• **Exercise inputs**

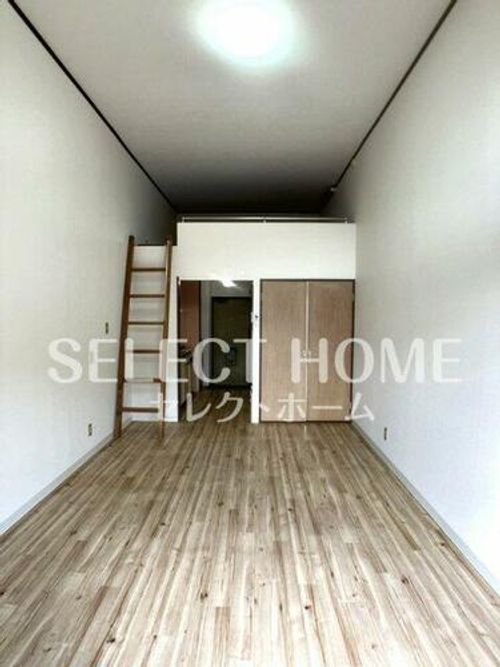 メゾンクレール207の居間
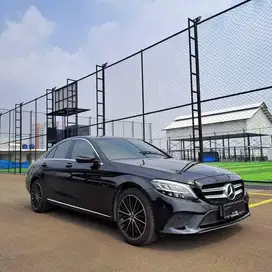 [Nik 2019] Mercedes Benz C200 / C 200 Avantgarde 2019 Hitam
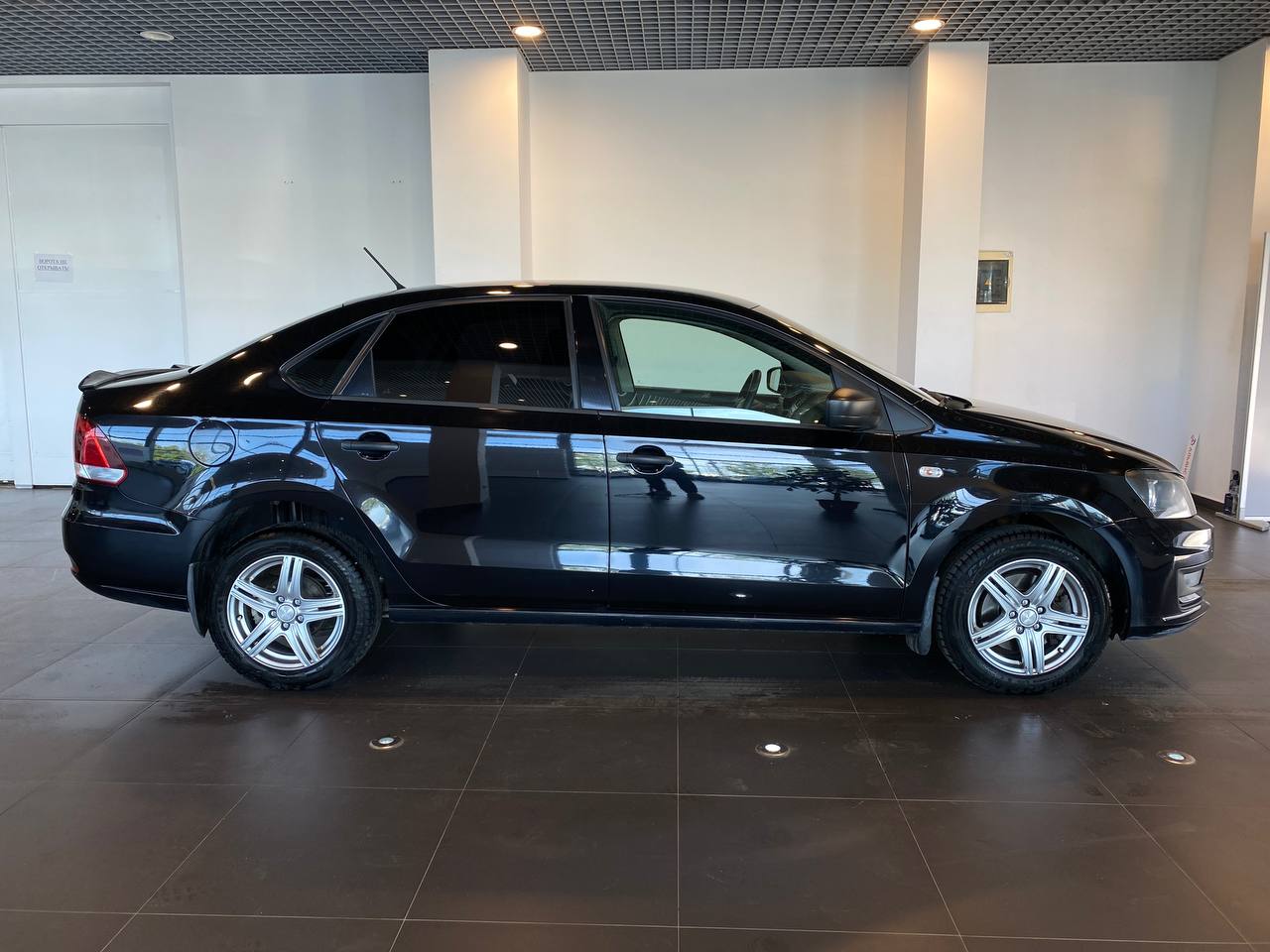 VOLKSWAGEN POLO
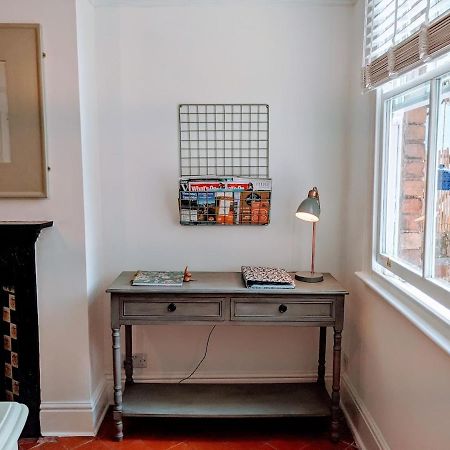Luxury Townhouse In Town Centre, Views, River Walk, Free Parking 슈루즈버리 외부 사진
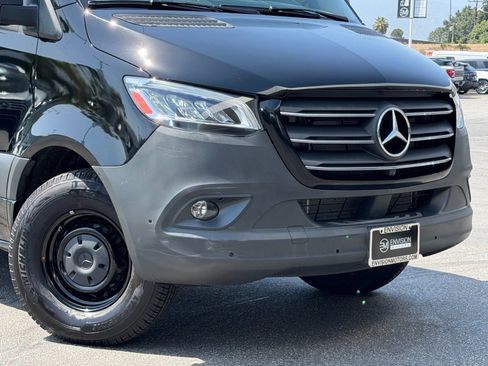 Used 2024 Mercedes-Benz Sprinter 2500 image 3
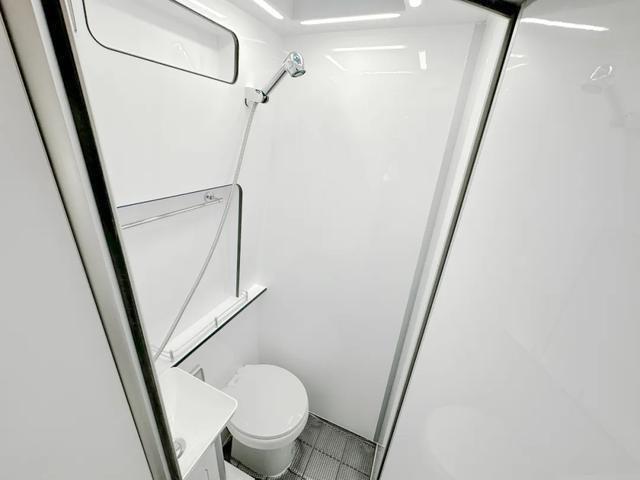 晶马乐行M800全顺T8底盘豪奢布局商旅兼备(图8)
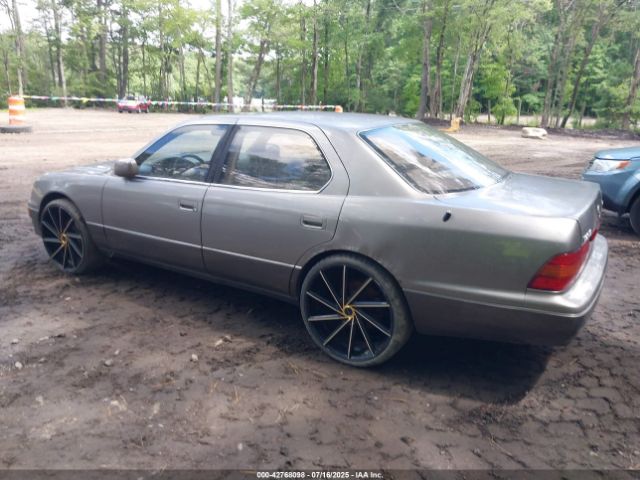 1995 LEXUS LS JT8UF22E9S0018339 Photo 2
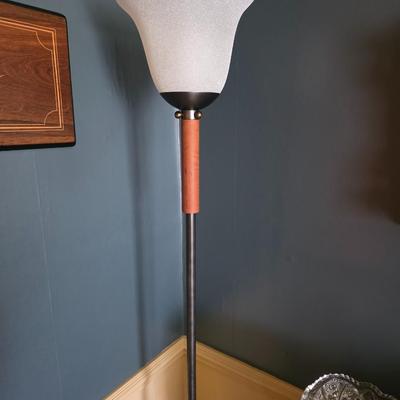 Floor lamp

* * *

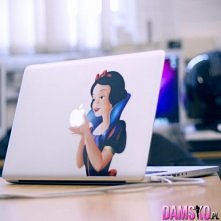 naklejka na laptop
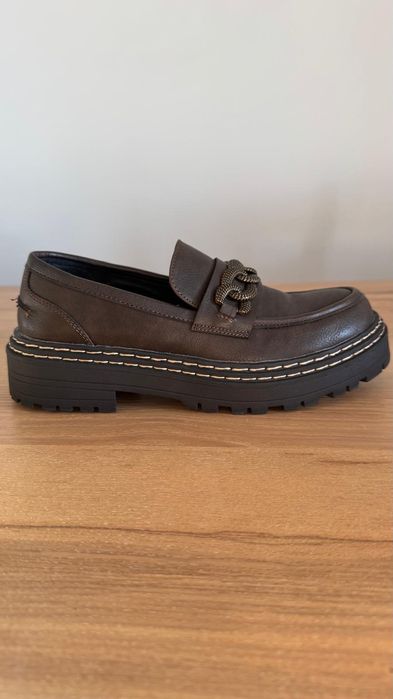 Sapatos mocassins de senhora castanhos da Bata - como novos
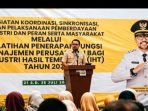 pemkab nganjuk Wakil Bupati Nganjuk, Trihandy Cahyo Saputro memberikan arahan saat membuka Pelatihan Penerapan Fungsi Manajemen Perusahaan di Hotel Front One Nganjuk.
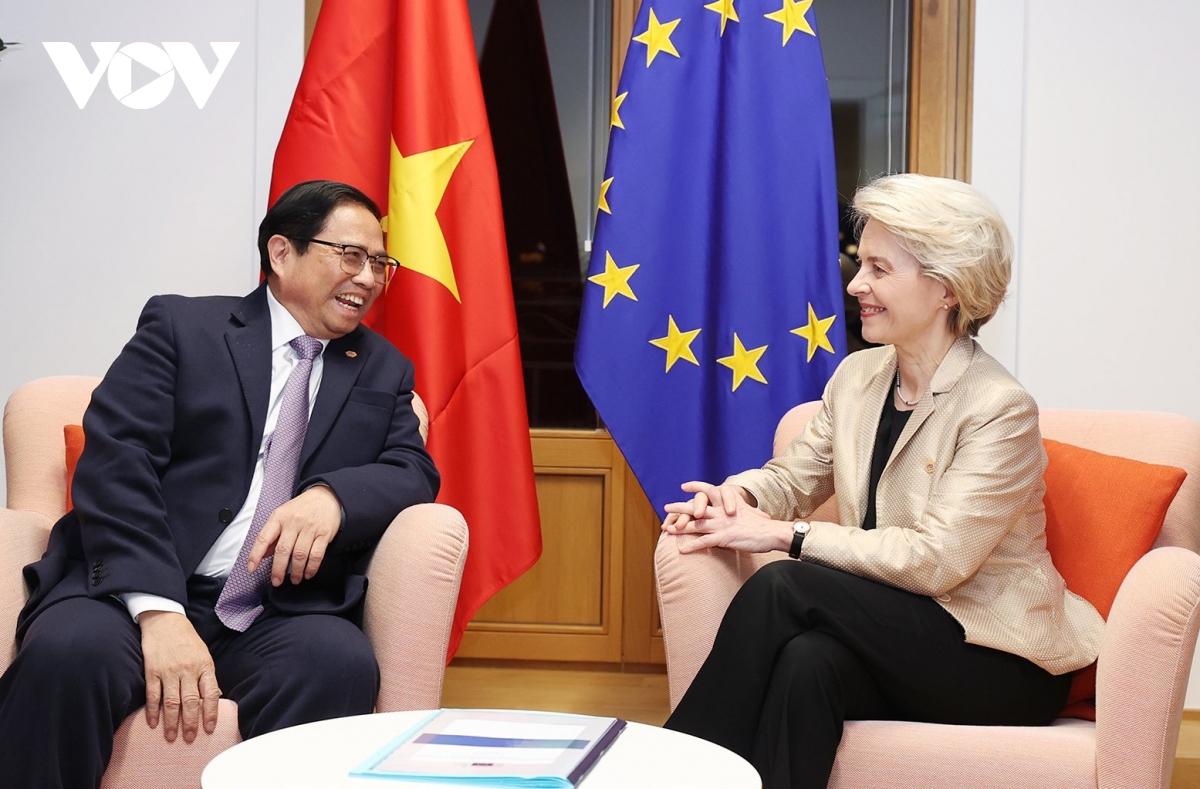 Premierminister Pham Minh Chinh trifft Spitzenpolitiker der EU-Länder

• **Your objective**
Print an exact copy of the lines above, from the one containing "naklejka na laptop" through the one containing "Premierminister Pham Minh", and leave out the pictures.

• **Solved exercise**
 naklejka na laptop
 Sapatos mocassins de senhora castanhos da Bata - como novos
 pemkab nganjuk Wakil Bupati Nganjuk, Trihandy Cahyo Saputro memberikan arahan saat membuka Pelatihan Penerapan Fungsi Manajemen Perusahaan di Hotel Front One Nganjuk.
 Premierminister Pham Minh Chinh trifft Spitzenpolitiker der EU-Länder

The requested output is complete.